What is a VIN? Everything you always wanted to know about car identification

by Aivaras Grigelevičius
February 7, 2019
by Aivaras Grigelevičius
February 7, 2019

Every day carVertical team keeps perfecting our platform to provide you with the most detailed car history reports in the world. But we always ask you a favor at first. Tell us your car VIN, please.

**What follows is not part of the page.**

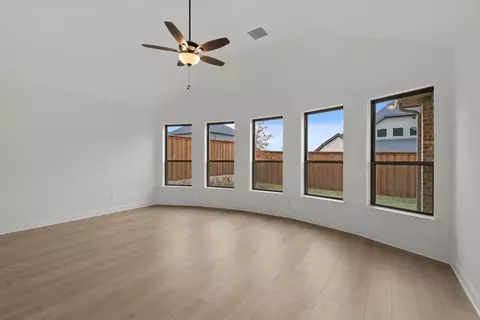 Living - 525 Limerick Ln, Celina, TX 75009 photo 4 of 4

There is no secret here. We can’t get any further if we don’t have VIN, because this number is the main hero in every quest for reliable data about every vehicle in the world.

What actually is a VIN?

Sometimes it’s called VIN number, VIN code or simply a body number, but it’s the same thing with the same function. In short, VIN is like a fingerprint of the car. If you know the VIN code, it can reveal car’s manufacturer, model, year and place of manufacture, all its features, and technical specifications.

However, let’s start from the very beginning. VIN (an acronym for Vehicle Identification Number) is a unique code used by the automotive industry to identify every car, bus, truck, motorcycle or even a trailer.

First VINs appeared in the USA in the middle of the XX century. But for a few decades there was no accepted universal standard, so different manufacturers used different formats.

The VIN format was standardized only in 1981 by USA National Highway Traffic Safety Administration. Since then, all sold on-road vehicles must have a 17-character-long VIN consisting only digits and capitals. By the way, VIN number cannot include the letters I, O and Q in order to avoid confusion with numerals 1 and 0.

The specific and very complex structure of VIN code theoretically should guarantee that every vehicle, produced since 1981, has a unique identification number. So, there is almost impossible to find two cars which have the same VIN. This allows to assign a code to the specific car and track its history.

What do VIN symbols mean?

First three symbols are called World Manufacturer Identifier (WMI). The first one tells in which country car was made or where is the headquarters of the manufacturer. 2 and 3 characters indicate vehicle manufacturer.

In our example, 1VW stands for Volkswagen car made in the USA. If the first symbol were W, it would mean this Volkswagen was made in Germany. By the way, if a manufacturer builds a small number of cars (e.g., in European Union it means 500 or fewer cars per year), it always uses number 9 as a third VIN symbol.

The middle part (4-9 symbols) constitutes Vehicle Descriptor Section (VDS) which describes the vehicle type. Due to local regulations and other reasons, each manufacturer has developed its own unique system for VDS. However, it usually provides information on the model, body style, engine type, automobile platform used, how many doors it has, etc.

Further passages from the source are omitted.